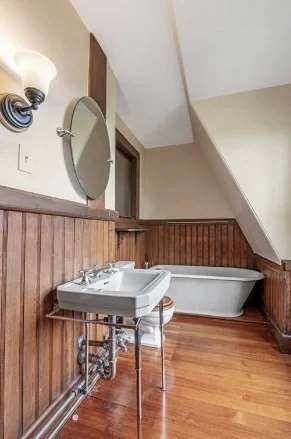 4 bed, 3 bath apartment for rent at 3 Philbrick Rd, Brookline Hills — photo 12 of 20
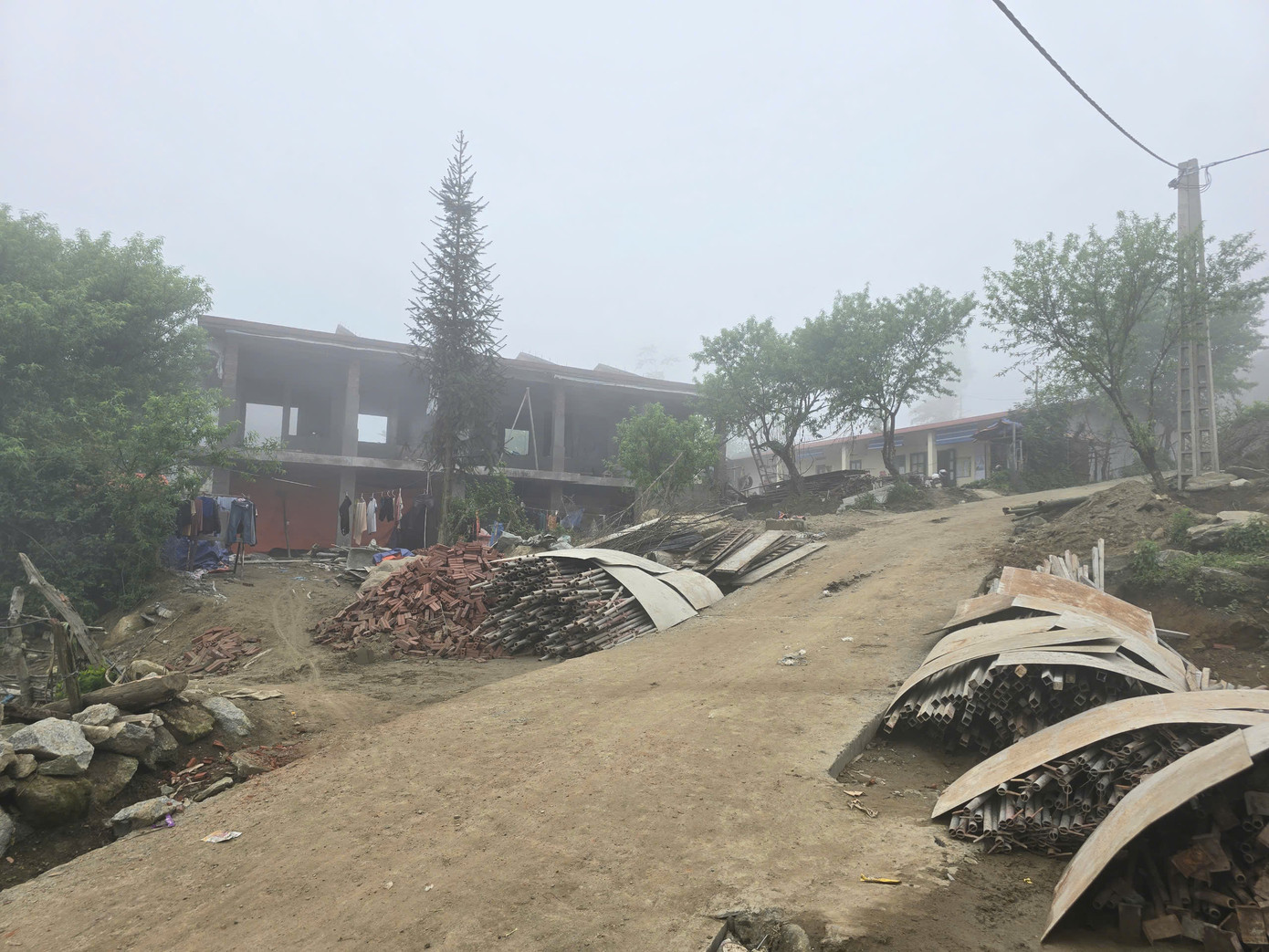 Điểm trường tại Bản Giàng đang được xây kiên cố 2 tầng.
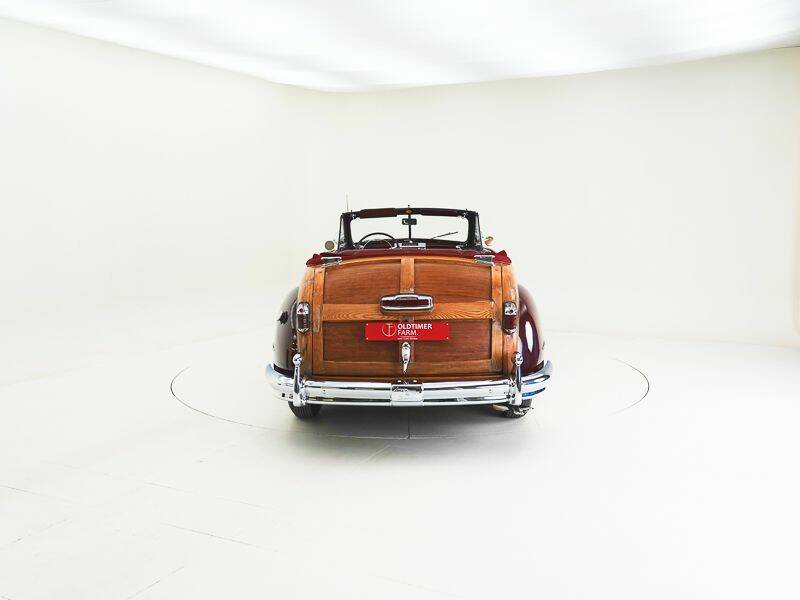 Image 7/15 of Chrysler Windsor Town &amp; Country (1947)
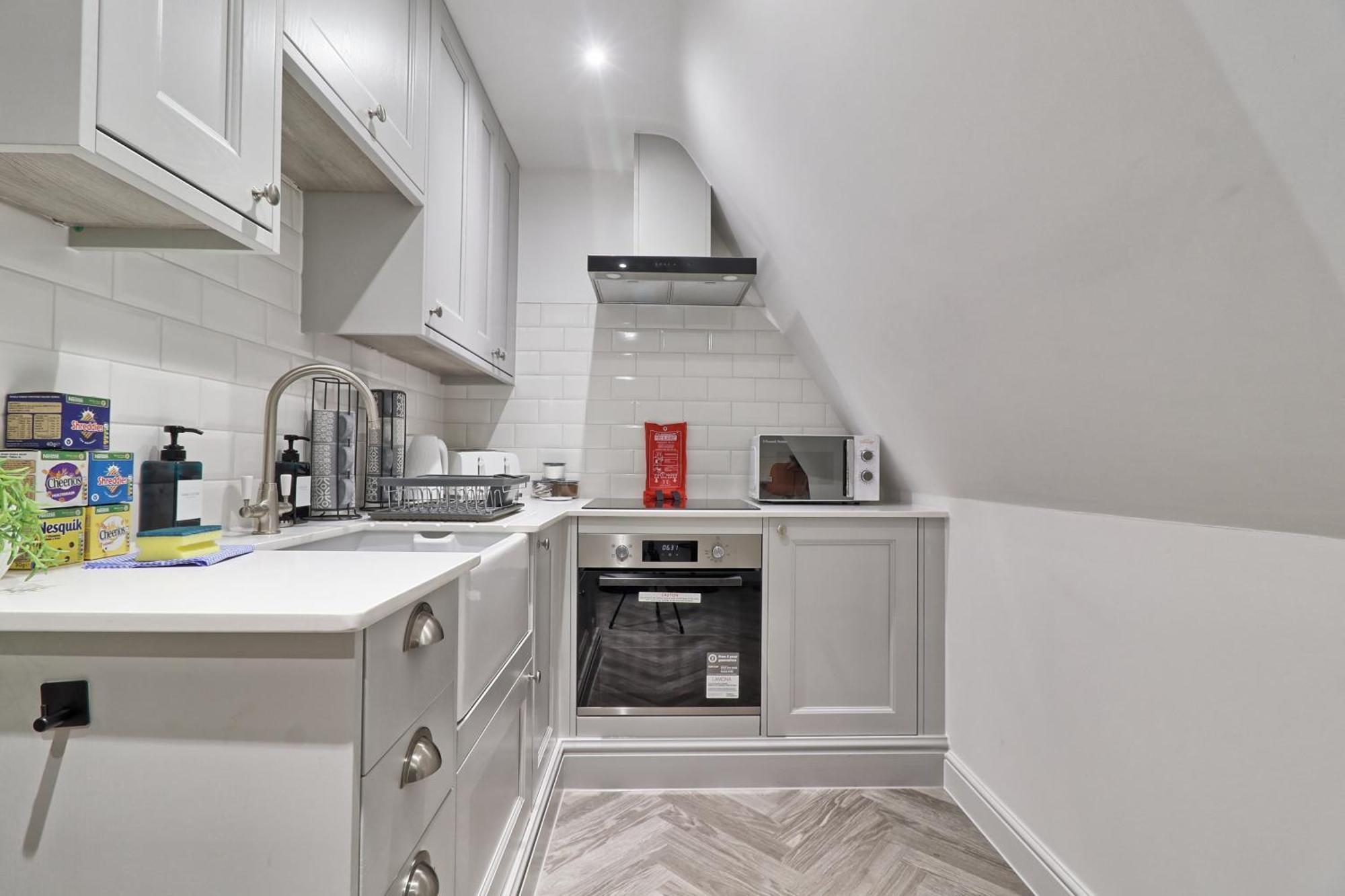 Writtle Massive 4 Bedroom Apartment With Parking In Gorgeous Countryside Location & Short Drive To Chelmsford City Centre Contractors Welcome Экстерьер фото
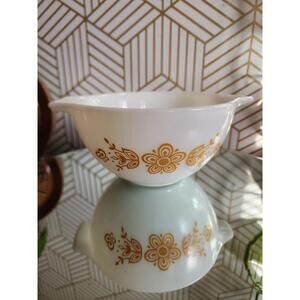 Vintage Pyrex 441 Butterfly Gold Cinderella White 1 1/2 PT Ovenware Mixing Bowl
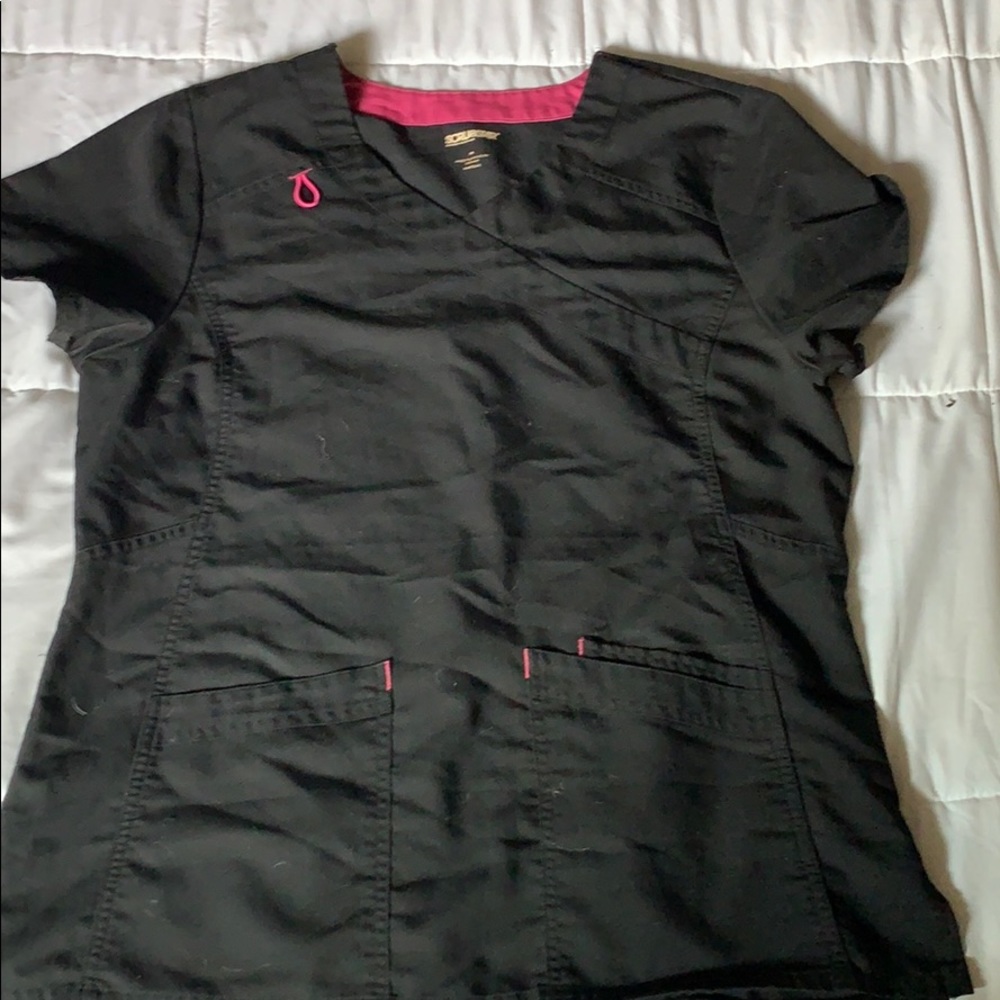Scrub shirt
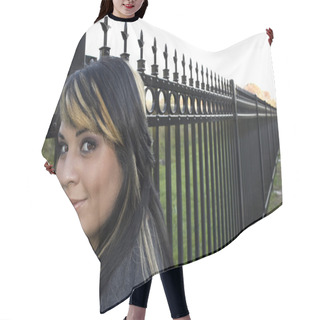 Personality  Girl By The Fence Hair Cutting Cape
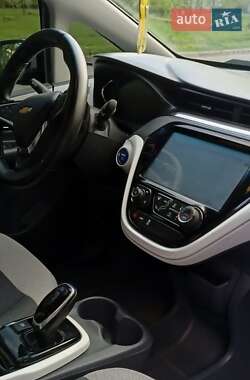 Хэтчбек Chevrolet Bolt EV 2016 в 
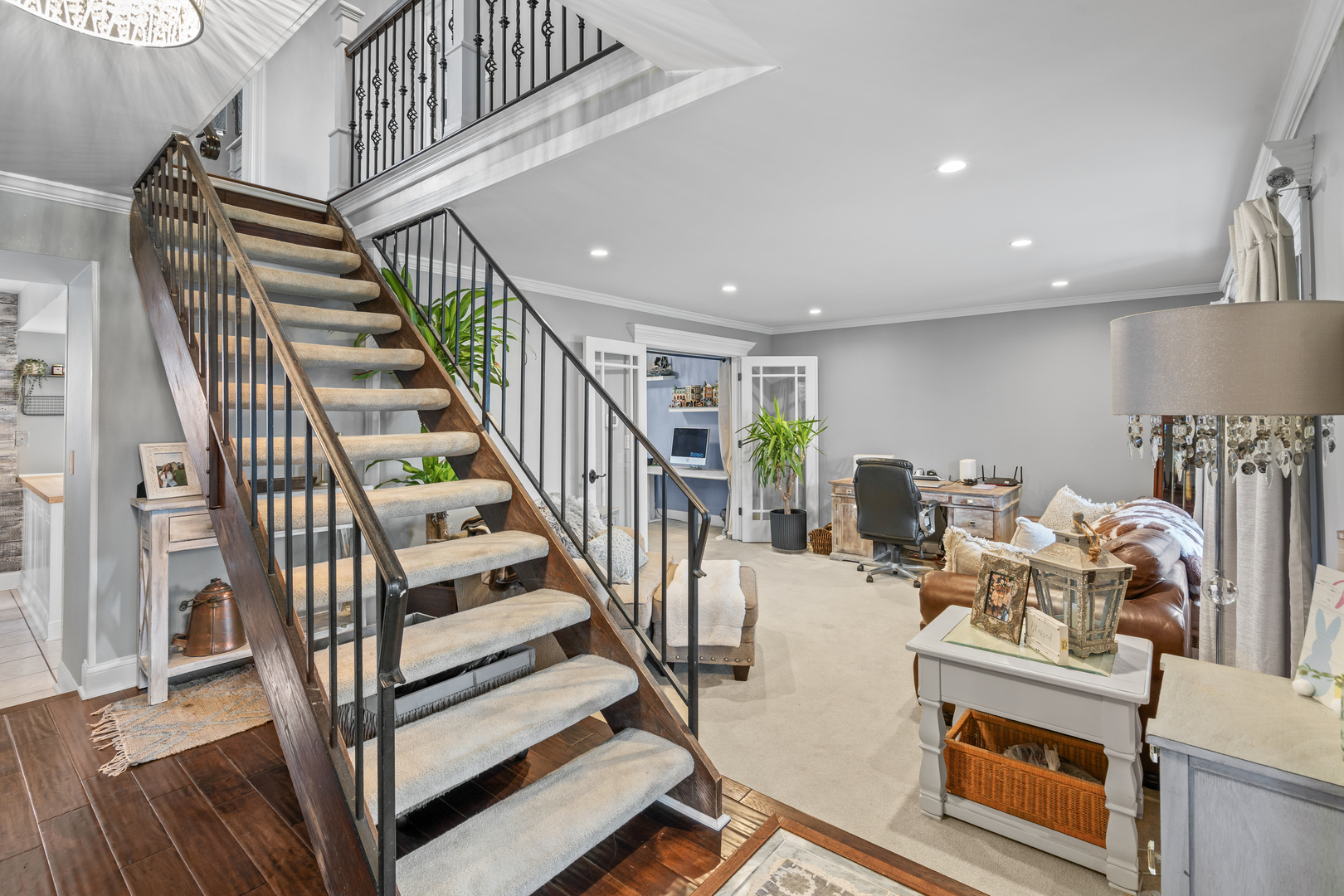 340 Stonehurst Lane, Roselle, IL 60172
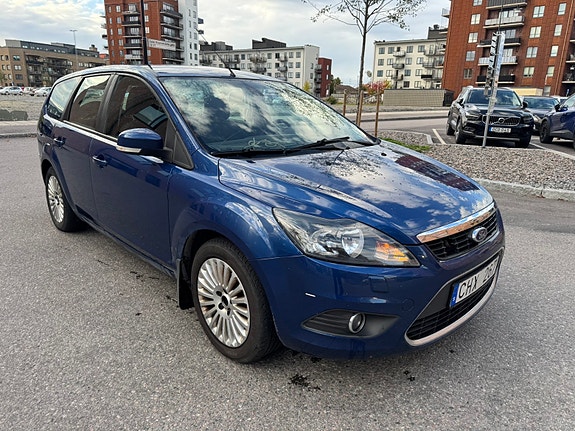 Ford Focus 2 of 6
------------
### Activity
When you retype the data above, match every line exactly and leave the pictures behind.

### Exercise solution
 4 bed, 3 bath apartment for rent at 3 Philbrick Rd, Brookline Hills — photo 12 of 20
 Điểm trường tại Bản Giàng đang được xây kiên cố 2 tầng.
 Image 7/15 of Chrysler Windsor Town &amp; Country (1947)
 Writtle Massive 4 Bedroom Apartment With Parking In Gorgeous Countryside Location & Short Drive To Chelmsford City Centre Contractors Welcome Экстерьер фото
 Vintage Pyrex 441 Butterfly Gold Cinderella White 1 1/2 PT Ovenware Mixing Bowl
Scrub shirt
 Personality  Girl By The Fence Hair Cutting Cape
 Хэтчбек Chevrolet Bolt EV 2016 в 
 340 Stonehurst Lane, Roselle, IL 60172
 Ford Focus 2 of 6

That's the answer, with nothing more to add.